Action item. Everything from the line containing "Map showing Love" to the last line of the listing below should be restated exactly, both ends included, with nothing added and the pictures omitted.

Listed records.

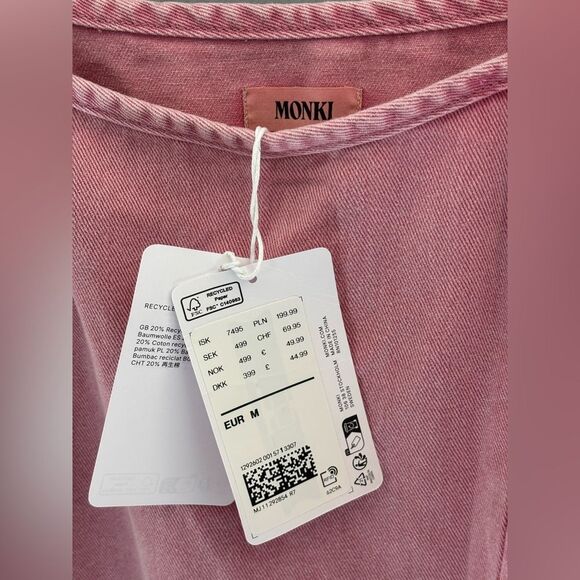 NWT ASOS Monki Denim Cami Maxi Dress with Front Slit Pink – Size Medium - Picture 5 of 6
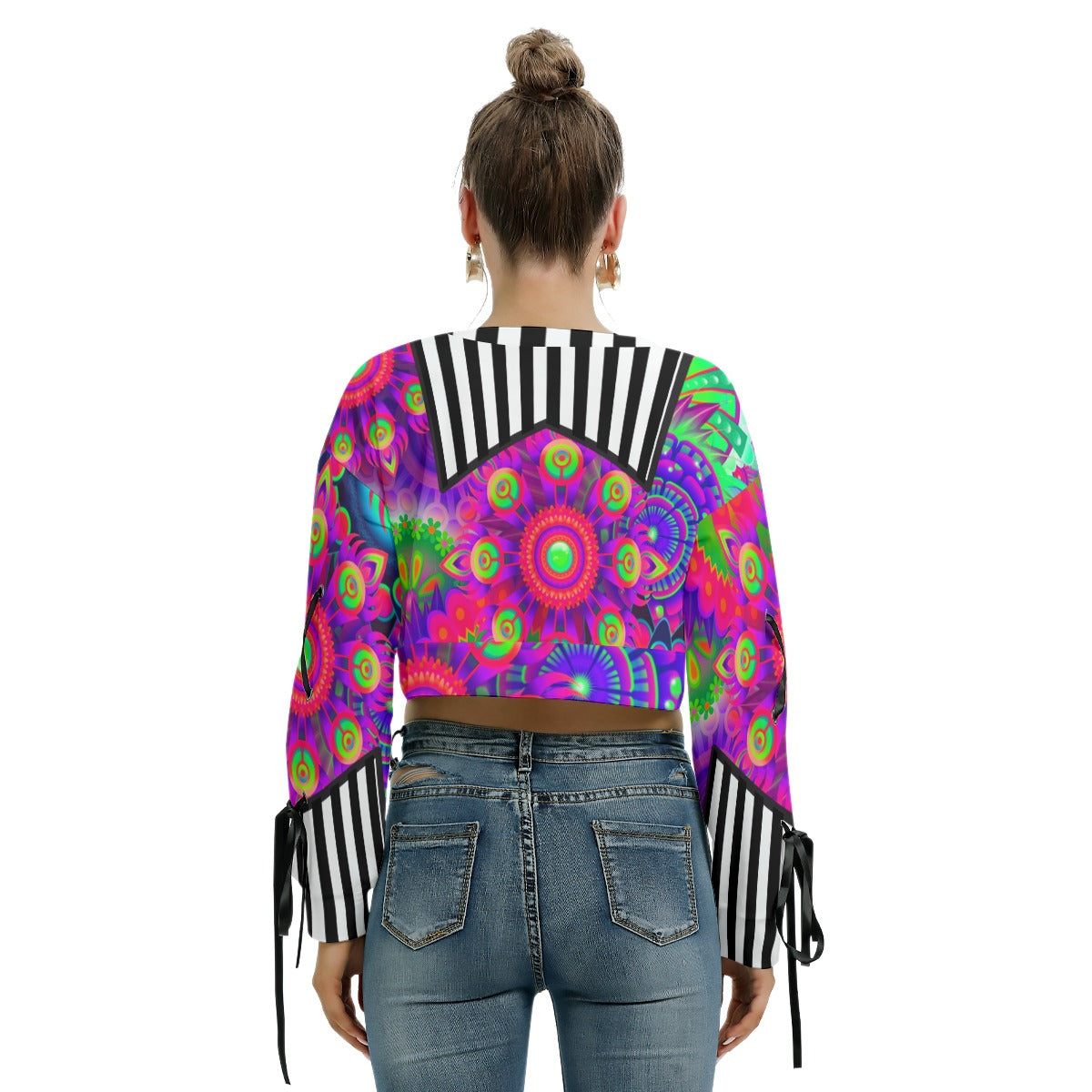 Bold and trippy Women's Long Sleeve Cropped Sweatshirt With Lace up sleeve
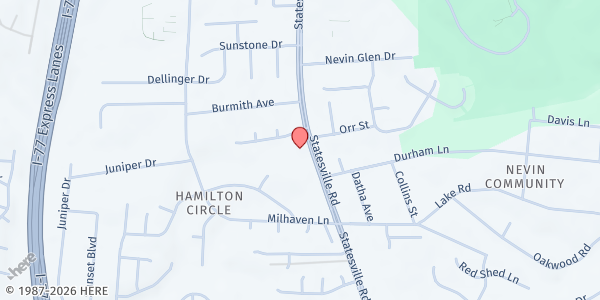 Map showing Love Fellowship Church at 5535 Statesville Road, Charlotte, NC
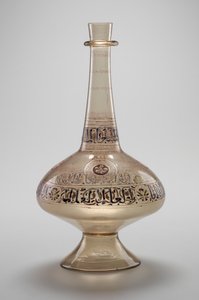Garrafa, encomendada por Dawud, Rasulid Sultan do Iêmen, Dinastia Mameluca, 12961321 (vidro esmaltado e dourado)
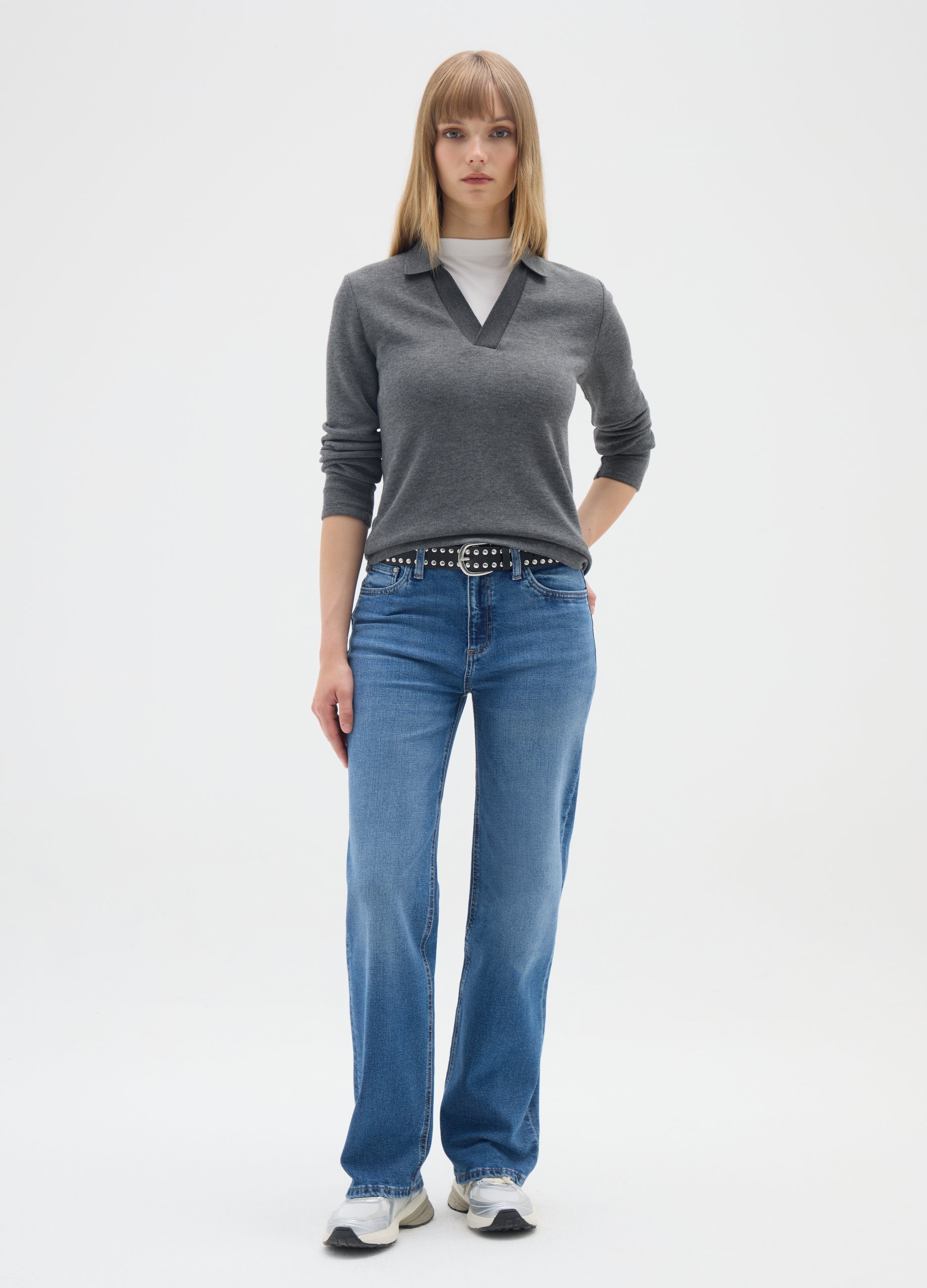 Polo Gris De Manga Larga, Mujer, Gris, Talla: 42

Task result.
 Map showing Love Fellowship Church at 5535 Statesville Road, Charlotte, NC
Garrafa, encomendada por Dawud, Rasulid Sultan do Iêmen, Dinastia Mameluca, 12961321 (vidro esmaltado e dourado)
 Polo Gris De Manga Larga, Mujer, Gris, Talla: 42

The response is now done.